Students at Sanaa University have been sleeping on campus since mid-February, shortly after the start of the protests calling on Saleh to step down. In an escalation, soldiers stormed the campus late on Tuesday, shooting live ammunition, rubber bullets and firing tear gas. About 90 protesters sustained gas inhalation and minor injuries in the raid.
"This aggression is an indication that the regime is collapsing and cannot stand before the youth revolution," said Mohammad Qahtan, a spokesman for the opposition.
Witnesses said the mayor of Sanaa, Abdul-Rahman al-Akwa, who is also the brother-in-law of Saleh, led a group involved in the raid.
Medical officials said at least two of the wounded were in serious condition. Rabih al-Zuraqi, 25, was suffering from brain hemorrhage while 18-year-old Jamal al-Buhaisi suffered complications from a bullet wound to the shoulder. A few others had breathing problems due to smoke inhalation.

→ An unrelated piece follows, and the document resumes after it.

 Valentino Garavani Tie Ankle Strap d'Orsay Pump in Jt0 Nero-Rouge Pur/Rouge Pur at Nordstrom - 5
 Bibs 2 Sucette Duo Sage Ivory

Hosni al-Jushai, a doctor at the Science and Technology Hospital who was volunteering with the protesters, said it appeared from the symptoms that security forces used banned nerve gas against the demonstrators, in addition to tear gas.
In a separate incident Wednesday, bodyguards of lawmaker Mohammad Abdel Illah al-Qadi exchanged fire with a security patrol in Sanaa. Al-Qadi's brother and a bodyguard were wounded.
Al-Qadi, a longtime stalwart of Saleh's regime, said he was resigning from the ruling party last month and joining the opposition.
It was not clear what triggered the clash.
Even before Yemen was hit by the wave of protests, the country was growing increasingly chaotic with a resurgent al-Qaida, a separatist movement in the south and an off-on Shiite rebellion in the north vexing the government.
In an attempt to quell escalating protests, the president called for national dialogue after meetings Monday with the country's political and security chiefs. The state-run news agency said the conference would be held Thursday and would include thousands of representatives from across Yemen's political spectrum.
But opposition leader Yassin Said Numan said there would be no dialogue unless Saleh agreed to step down by year's end.
Saleh's pledge not to run for re-election in 2013 has failed to defuse the protests, as have his calls for a unity government with opposition figures.